On the other hand, if you need to deal with many (preferably small) concurrent transactions (typically single row updates/inserts/delete lookups by primary key) and you mangage to keep all of your data in memory, then it can be a very scalable and performant solution.
You should ask yourself why you want cluster. If you simply want your ordinary database that you have now, except with added 99,999% availability, then you may be disappointed. Certainly MySQL cluster can provide you with great availability and uptime, but the workload of your app may not be very well suited for the thtings cluster is good for. Plus you may be able to use another high availability solution to increase the uptime of your otherwise traditional database.
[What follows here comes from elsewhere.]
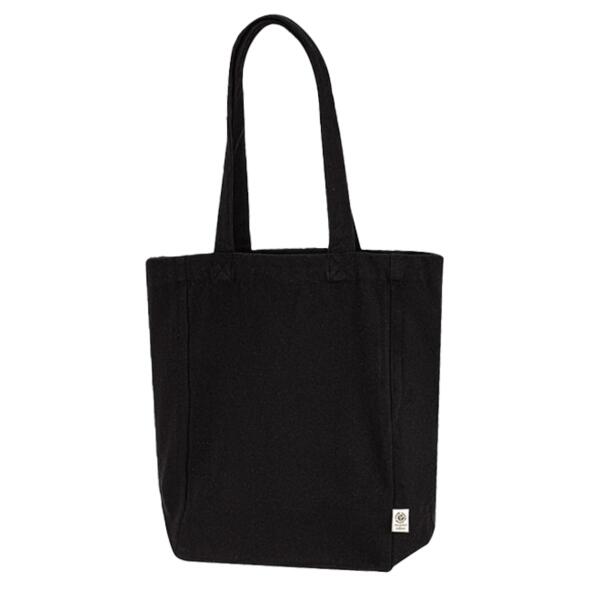 Reclaimist Bookish Tote Thumbnail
BTW - here's a list of limitations as per the doc: http://dev.mysql.com/doc/refman/5.1/en/mysql-cluster-limitations.html
But whatever you do, try out cluster, see if its good for you. MySQL cluster is not "MySQL + 5 nines". You'll find out when you try.
NDB cluster comes with two type of storage options.
1.In Memory Storage.
2.Disk storage.
NDB introduced as in memory data storage and in version 7.4(MYSQL 5.6) onwards started supporting disk storage.
current version 7.5(MySQL 5.7) supports disk storage and in this case there will be no size constraints as data is going to reside in disk and limit depend on disk storage space available with you.
Disk Storage configurations - https://dev.mysql.com/doc/refman/5.7/en/mysql-cluster-disk-data-symlinks.html
In Memory storage in NDB cluster is also quite mature and you can define memory usage in management node config.ini file.
example -
DataMemory=3072M
IndexMemory=384M
in an average table(depend on data stored in columns) total db size should be less then 1GB which can easily be configured.
Note - in my own implementation i faced one performance challenge as performance of NDB degrades with increasing number of rows in table.
Under high load concurrency read will degrade with number of increasing row.
Make sure you don't go for full table scan and provide sufficient where clause predicate.
For proper performance define secondary index properly as per your query pattern.
Defining secondary index will again increase memory consumption so plan your query pattern and memory resources accordingly.